Sementara itu, Pri Agung Rakhmanto, Praktisi migas dan juga pendiri Reforminer Institute, menyatakan apa yang dilakukan pemerintah demi memonetisasi cadangan migas yang ada sudah cukup positif. Tapi itu saja tidak cukup karena kondisi cadangan yang ada di wilayah-wilayah sulit membutuhkan usaha lebih ekstra.
“Kami pelaku usaha migas butuh praktik di lapangan lebih mudah, butuh fleksibilitas, secara umum kita semua tahu masalahnya,” kata Pri Agung.
Dia menuturkan pelaku usaha migas melihat Indonesia masih prospektif dari sisi cadangan, tapi di sisi lain para pelaku usaha juga melihat negara lain sebagai perbandingan.
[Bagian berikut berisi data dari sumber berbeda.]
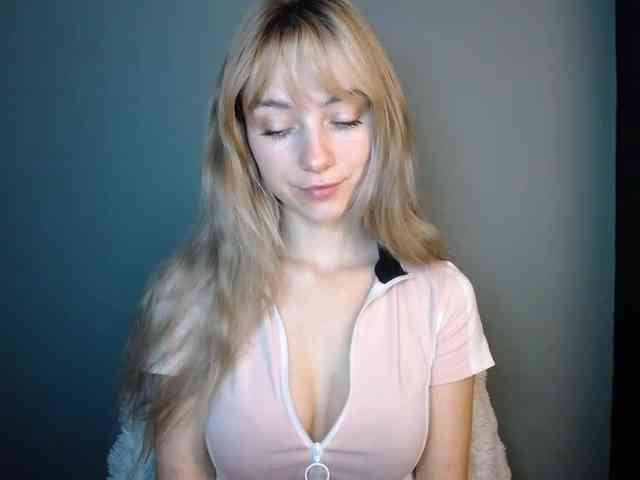 LuciaLovely LuciaLovely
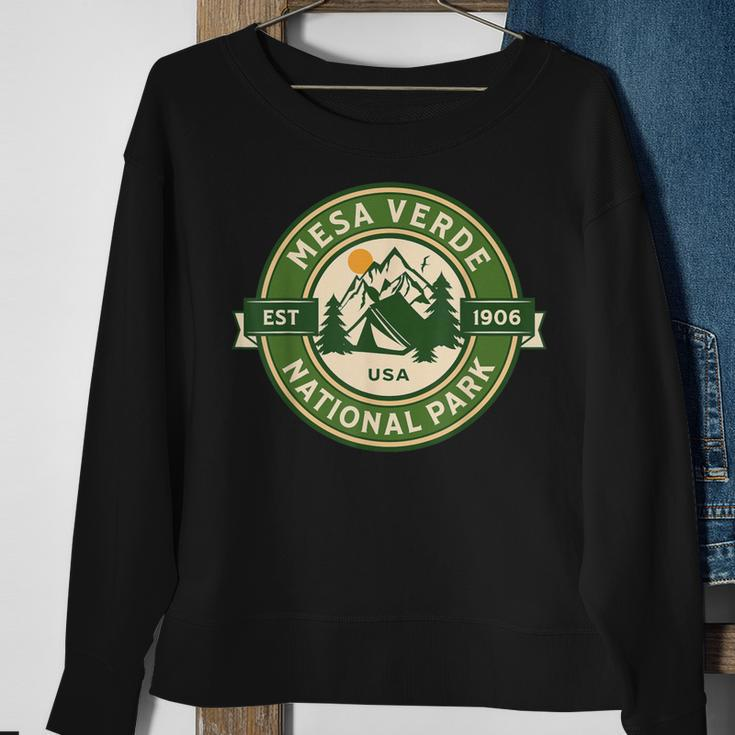 Mesa Verde National Park Colorado Hike Camp Outdoors Retro Sweatshirt Gifts for Old Women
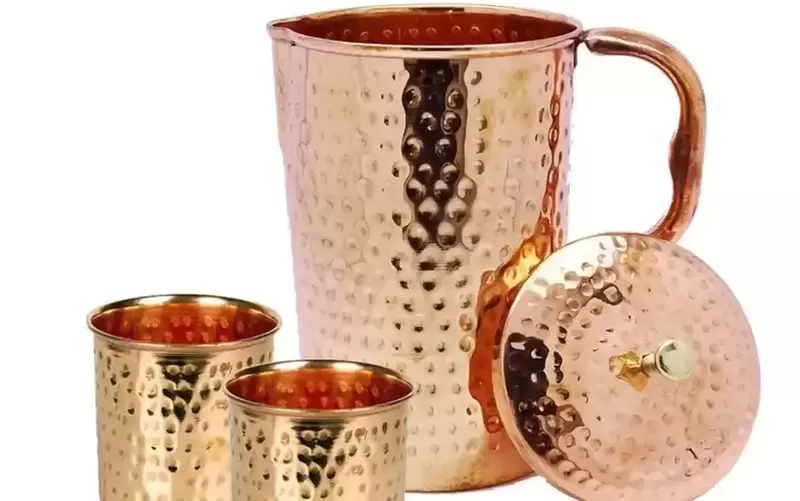 जानिए सुबह तांबे के बर्तन में रखा पानी पीने से होने वाले 7 स्वास्थ्य लाभ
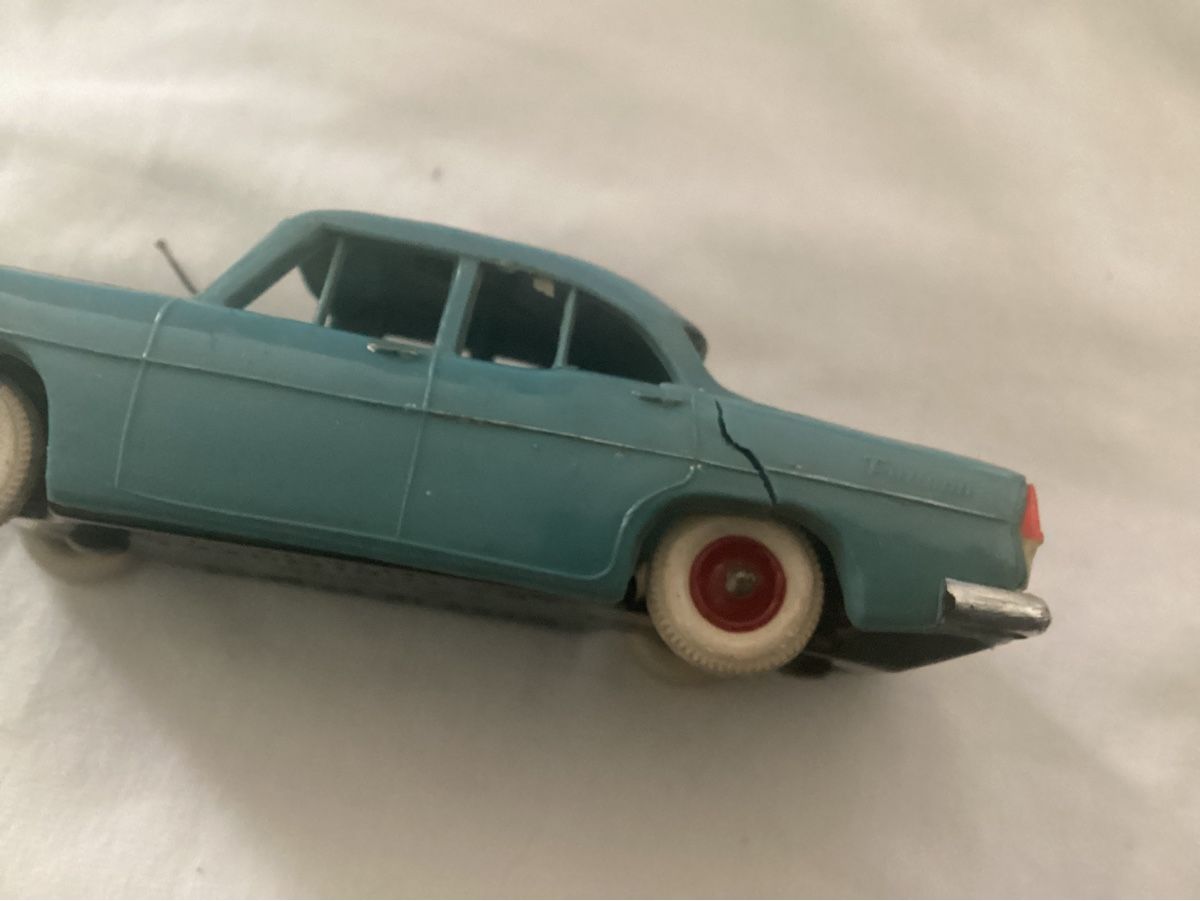 Norev Modellini d'auto: SIMCA  TRIANON NOREV MODEL AUTO  1/43 DEFEKT – Usato da Münchenstein venduto da NoSu98 2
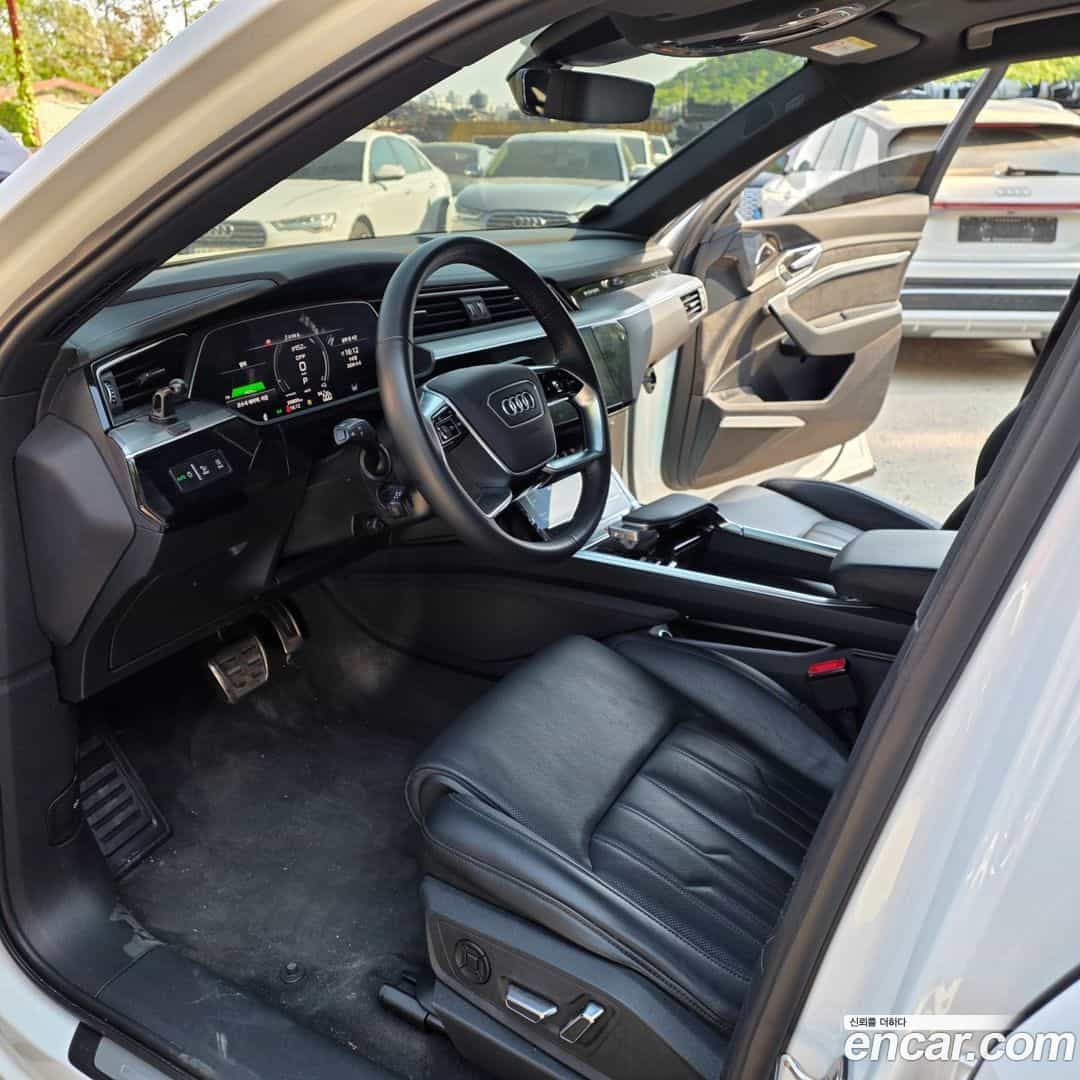 e-tron Audi 2021.9-INNER-009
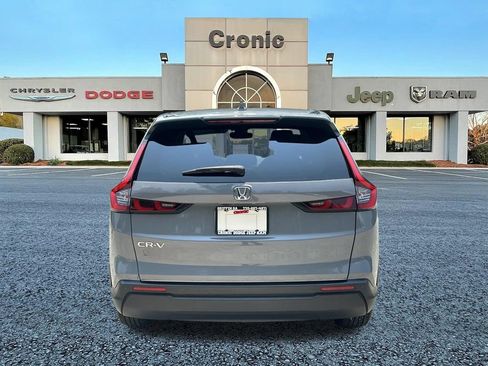 Used 2025 Honda CR-V EX-L image 4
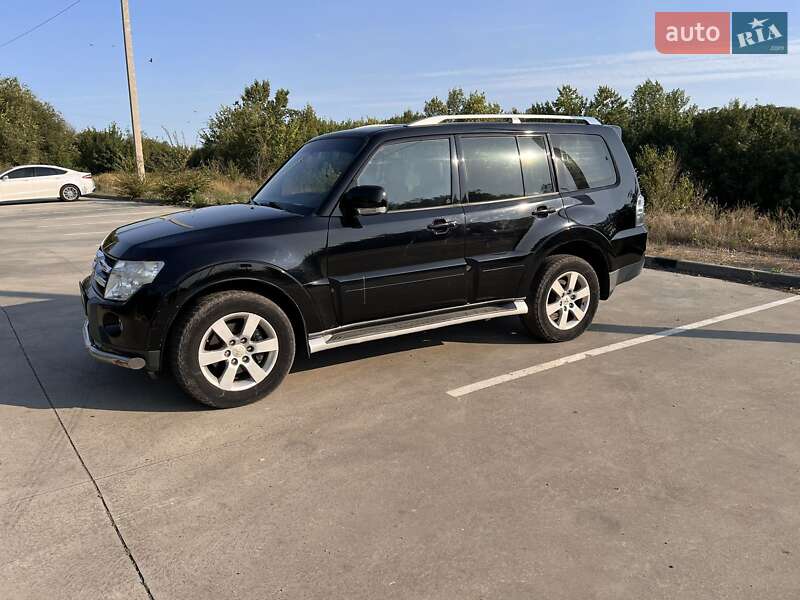 Mitsubishi Pajero Wagon 2009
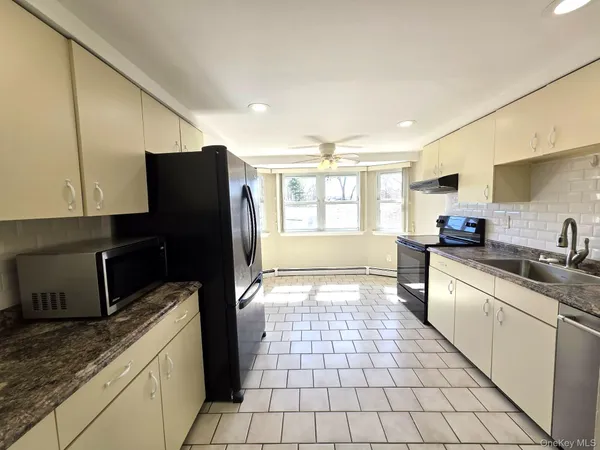 $6,500 | 308 Browns Road, Nesconset, NY 11767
“Kita butuh lebih banyak berusaha, mulai mentranslate pandangan migas dari migas sebagai mengeruk revenue ke migas sebagai penggerak ekonomi ke dalam aksi nyata. Kita perlu mengubah cara Indonesia melihat migas ke dalam uu migas. Jadi misalnya kalau memang gagal dapatkan cadangan jangan dianggap sebagai kerugian negara,” jelas Pri Agung.